US sales boomed from about 140,000 in 1946 to 1.2 million mowers annually just five years later, and 4.2 million in 1958. By 1961, power lawn mowers were at last so ubiquitous that agronomist C.B. Mills observed, “Today, if all of them in a single neighborhood were started at once, the racket would be heard ’round the world.”
 

Inventors continued to change the world of lawn care. In 1963, the John Deere Co. of Moline, Ill.,, known for its farm equipment, ventured into the consumer market to sell lawn tractors with mower attachments. The riding lawn mower was now within reach of the horseless homeowner.

 
In 1964, inspired by the newfangled Hovercraft, Karl Dahlman invented a hover mower that floated above the grass as it cut. Dahlman’s creation won the gold medal at the International Inventors Fair in Brussels. The next year the Flymo went into commercial production.
 
Nowadays, the latest thing in lawncare is the ZTR riding mower, short for “zero turn radius.” Powered front wheels let these lawn mowers spin and turn with the ease of a ballet dancer. The idea originated with Phil McCrackin in 1945 for a walk-behind mower, and in 1955 for a riding mower. But zero-turn mowers didn’t really catch on until John Regier developed a hydraulic version in 1963—dubbed The Hustler, after a B-58 bomber he’d seen in Popular Science magazine.
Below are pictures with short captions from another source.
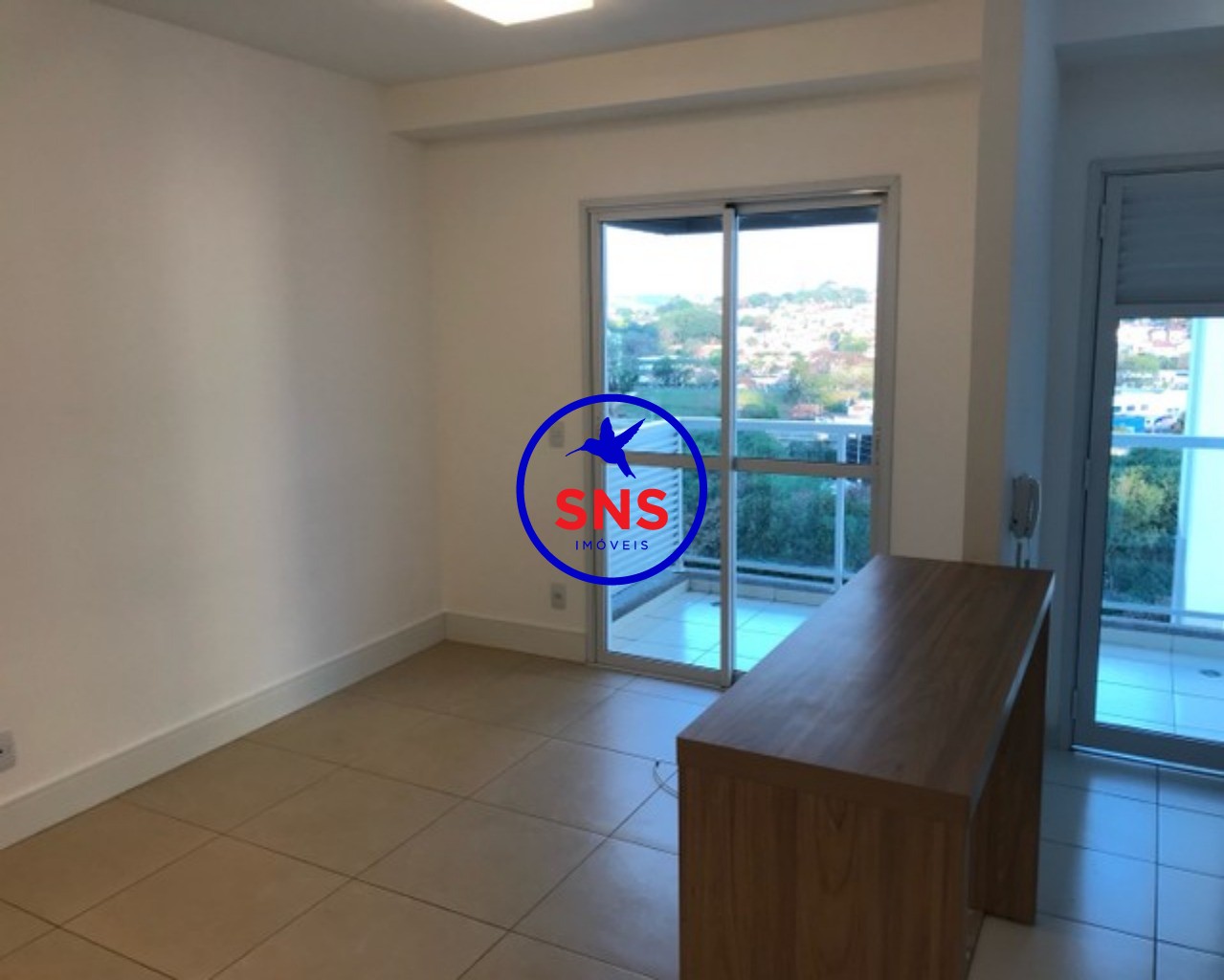 Apartamento à venda com 2 quartos, 70m² - Foto 1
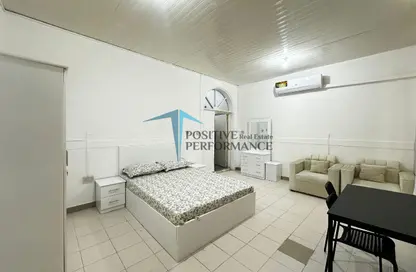 Apartment - Studio - 1 Bathroom for rent in West Bay Villas - West Bay - West Bay - Doha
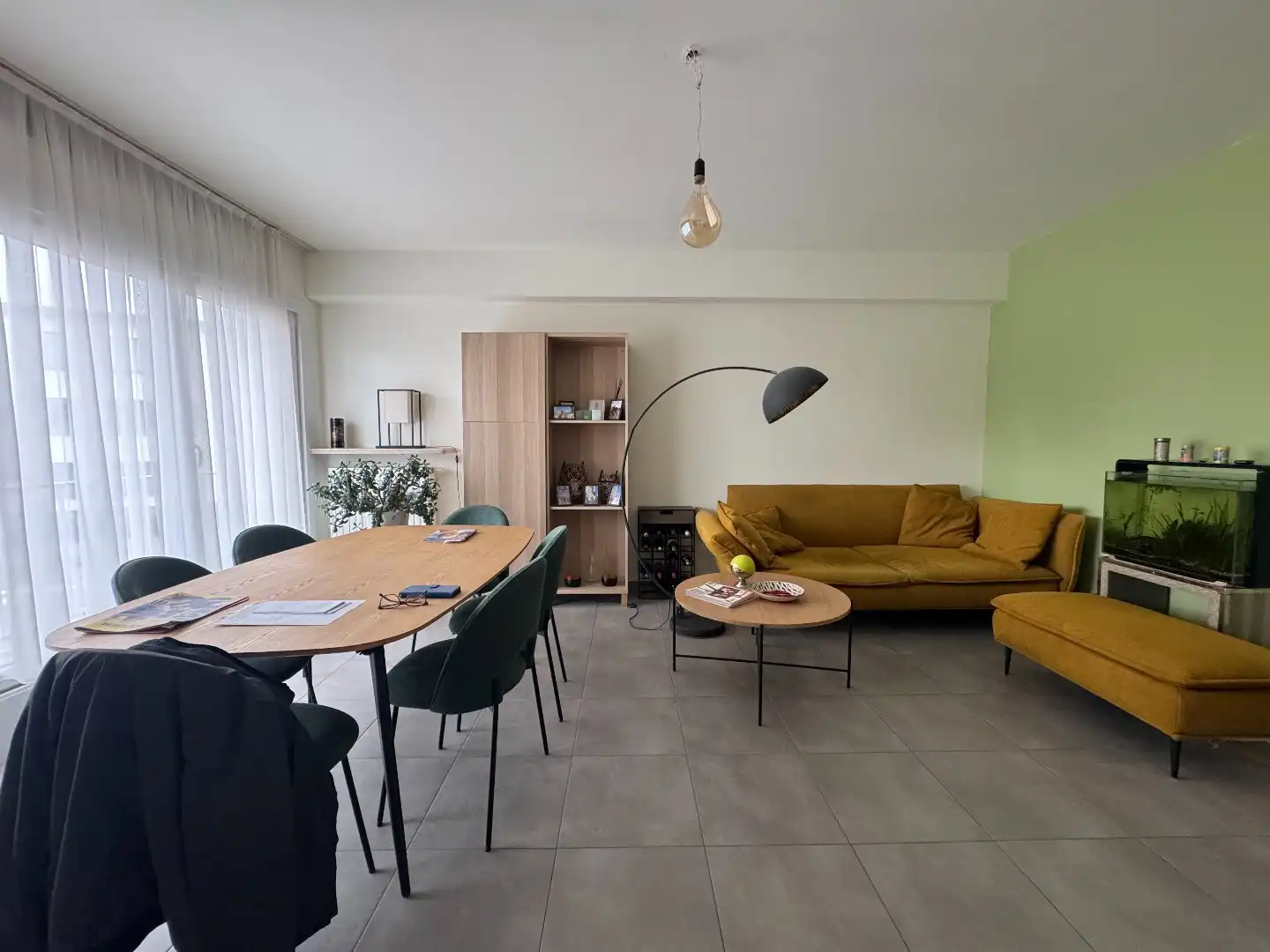Appartement 2 slpk INCLUSIEF garage en berging - vlak bij het station van Merchtem foto 3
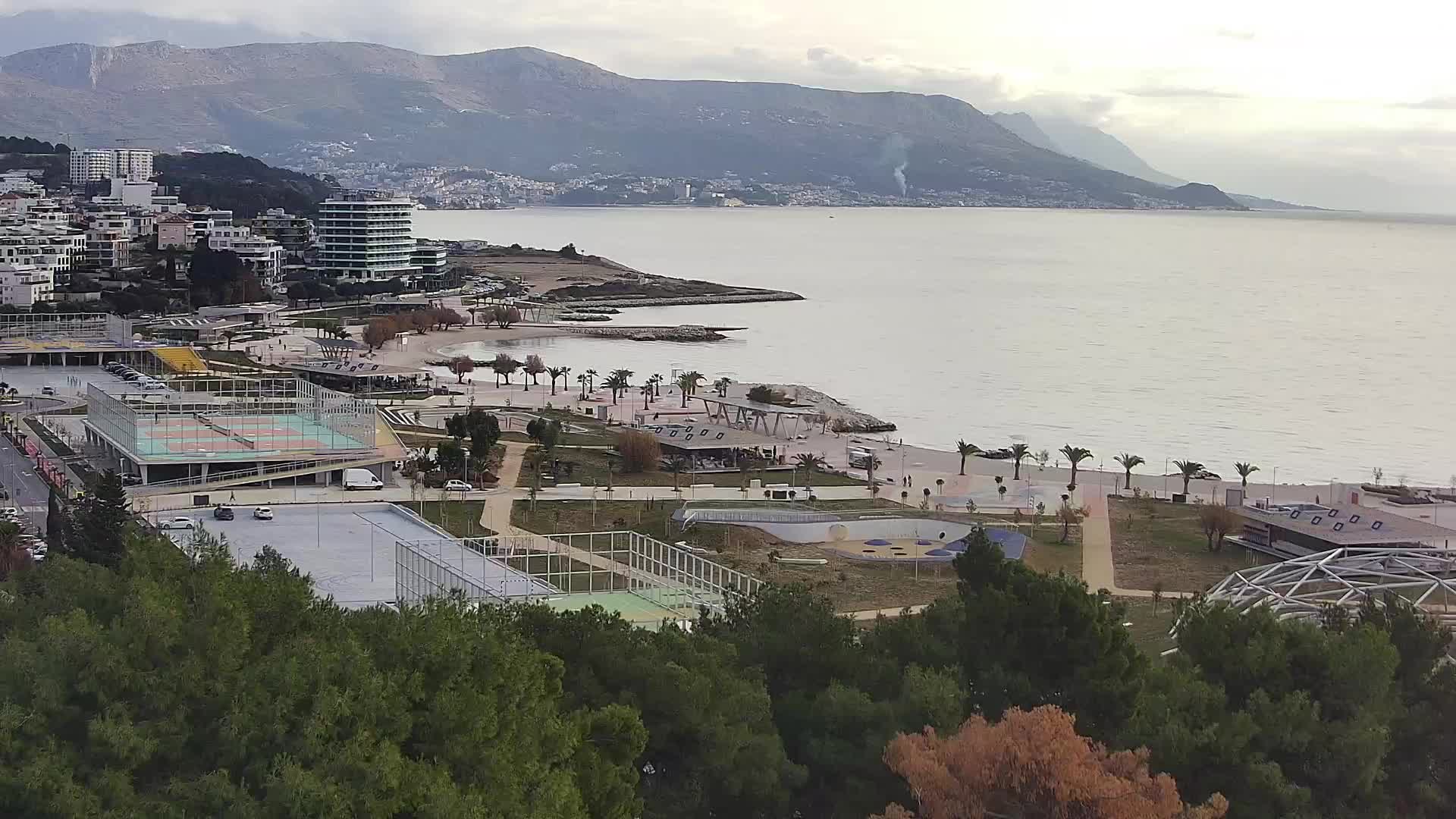 Playa Žnjan e instalaciones deportivas – Split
Regier’s invention was inspired by his wife, who was sick of cutting the grass at their Moundview, Kan., home.
 
It’s a good thing for today’s lawn lovers that Regier didn’t just get some sheep.
 
Timeline
1830 | Edwin Budding patents the first lawn mower

1859 | Silens Messor replaces gear drive with chain

1902 | Ransomes builds a petrol-powered mower

1921 | Atco Standard popularizes the power mower

1948 | Toro acquires Whirlwind, a maker of rotary mowers

1965 | The Flymo is introduced

1968 | Toro markets first key-start home mower

1989 | Toro acquires rival Lawn-Boy

1992 | The Lawnmower Man film is released

2001 | Pollution from a lawn mower estimated to be four times that from a car, per hour

 
Early lawn mowers were built with two handles, as the cast-iron machines were so heavy they required a pair of operators.
 
Colonel Edwin George built America’s first gas-powered lawn mower, the “Moto-Mower,” in 1919 
in Detroit.

In 1893, Englishman James Sumner patented the steam-powered lawn mower—but it took longer for the steam to build up to operating pressure than it did to mow a lawn.